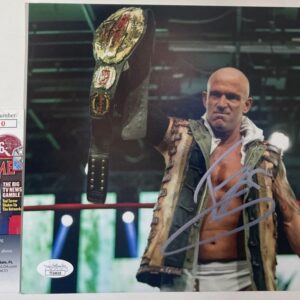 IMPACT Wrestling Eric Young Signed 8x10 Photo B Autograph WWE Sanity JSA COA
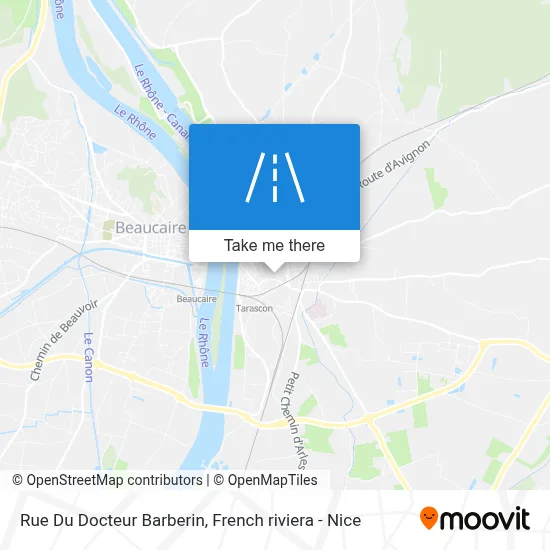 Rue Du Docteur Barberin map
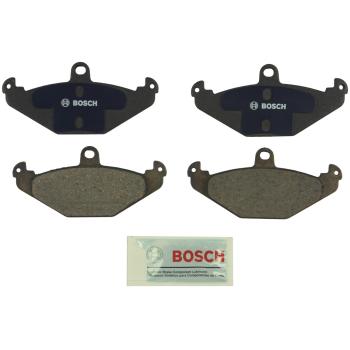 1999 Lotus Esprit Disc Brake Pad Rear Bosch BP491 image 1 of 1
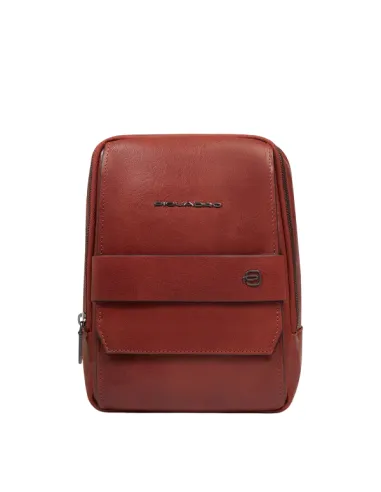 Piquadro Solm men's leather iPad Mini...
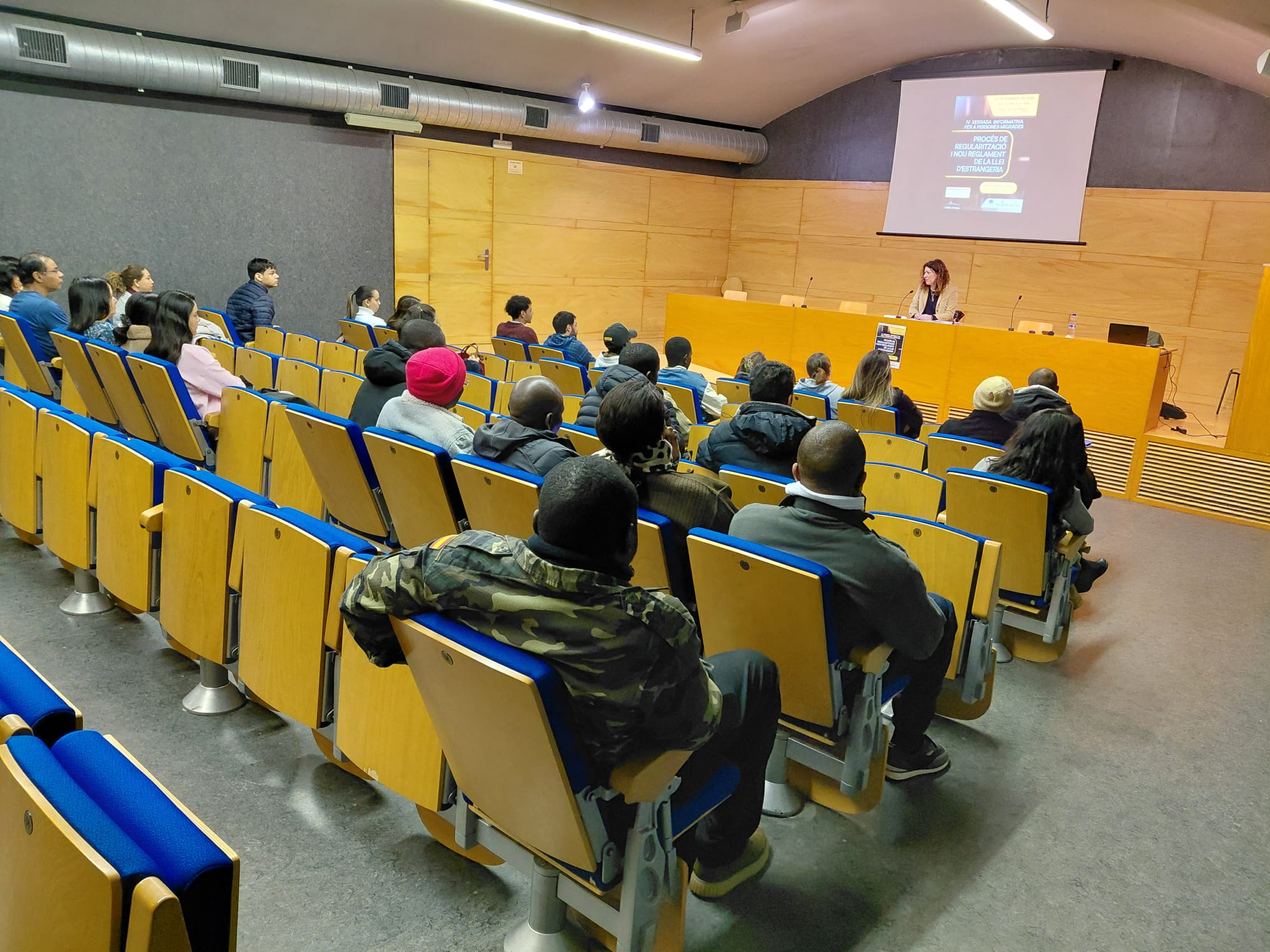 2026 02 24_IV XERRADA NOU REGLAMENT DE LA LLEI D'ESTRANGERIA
◆ ◆ ◆ ◆ ◆ ◆ ◆
*ABOUT THIS EXERCISE*. Reproduce the lines from the line with "Piquadro Solm men's leather iPad Mini..." through the last line of the entries exactly, including both ends and excluding pictures.

*ANSWER TO THE PROBLEM*.
 Piquadro Solm men's leather iPad Mini...
 2026 02 24_IV XERRADA NOU REGLAMENT DE LA LLEI D'ESTRANGERIA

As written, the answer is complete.